Michael Kesslering: Still for some of our listeners that maybe aren’t familiar with some of the big players within the SPAC space. Can you give a little bit of the background on Glazer Capital and their position within the SPAC ecosystem as an investor?

Joe Tonnos: Yeah, so Glazer Capital was founded in 1998 by Paul Glazer. Traditionally an event driven market neutral strategy. And since 2009 we’ve been involved in the SPAC market. SPAC portfolio is led by Vic Mittal, who is a PM partner, and has been with Glazer since 2005. As SPACs became more mainstream five, six years ago, Glazer has built a position, a leadership position as a SPAC investor and the largest investor globally as of March 31st, 13 F filings with approximately five and a half billion of SPAC investments. Through that, we’ve kind of built a strategy over the last number of years, investing across the entire SPAC ecosystem beyond just the public markets, whether that be traditional way IPOs or secondary trading. And that was really the Genesis for Meteora Capital Partners, which sits under the broader Glazer Capital Management umbrella.

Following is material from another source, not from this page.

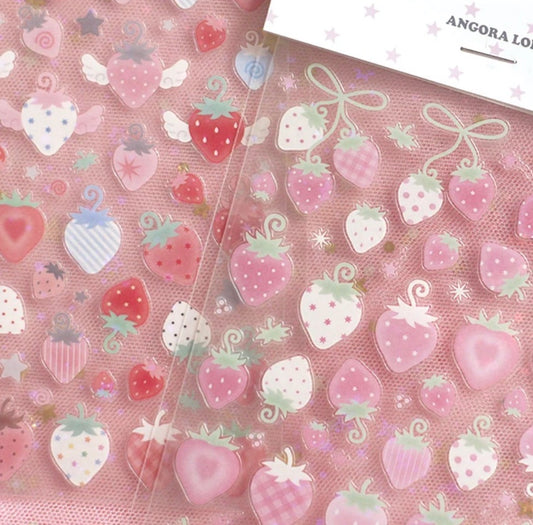 {angora lora} strawberry vines and wings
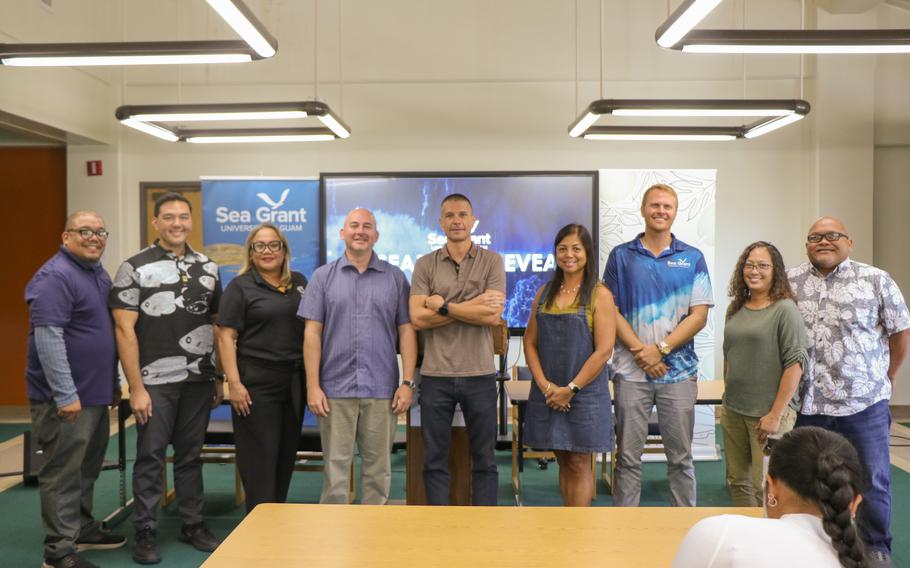 University of Guam officials pose with some of the recipients of the 2024-2026 UOG Sea Grant Competitive Research Funding. The UOG Center for Island Sustainability and Sea Grant held an event announcing the selection on Thursday, August 15, at the UOG RFK Memorial Library.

So, 2016 was actually the first risk capital investment as a co-sponsor. We try to lean in, it had active dialogue with all of our sponsor teams so that we can help them in getting a successful outcome for the sponsor and for us obviously, too. And so, what does that mean? We’re really an end-to-end partner. We’ll come in, we’ll make an investment at the risk capital level and act as an extension of their team throughout the process, helping to review the funnel, the pipeline, go through structuring, helping review LOI before they’re submitted and everything else that kind of comes with the SPAC process. Some of the time we’re even meeting teams prior to them getting on board with underwriters and helping with underwriter selection in the super early days as well. And so ultimately like I said, we’re trying to drive a great outcome for everyone involved.

And so most frequently we have weekly or bi-weekly calls with our management teams. There are some situations where it’s a little bit less frequently than that. There’s a couple of situations where we lean in a little bit more hands-on and have an even more active dialogue than a weekly or biweekly touch base. Anyways this strategy was launched last year in 2020, to invest across the entire SPAC ecosystem in terms of risk capital, public freely tradable redeemable securities, and pipes and structured notes on the backend in selective situations, but really be a holistic partner to an investor across the SPAC ecosystem, as I mentioned a couple times. And so, as that strategy was launched, it became Meteora Capital Partners earlier this year with a little bit of a rebrand. Still, as I mentioned, under the Glazer umbrella, we now have a team of eight individuals focused on the broader SPAC ecosystem investing. Co sponsorships through the public and through pipes and structured notes on the back end.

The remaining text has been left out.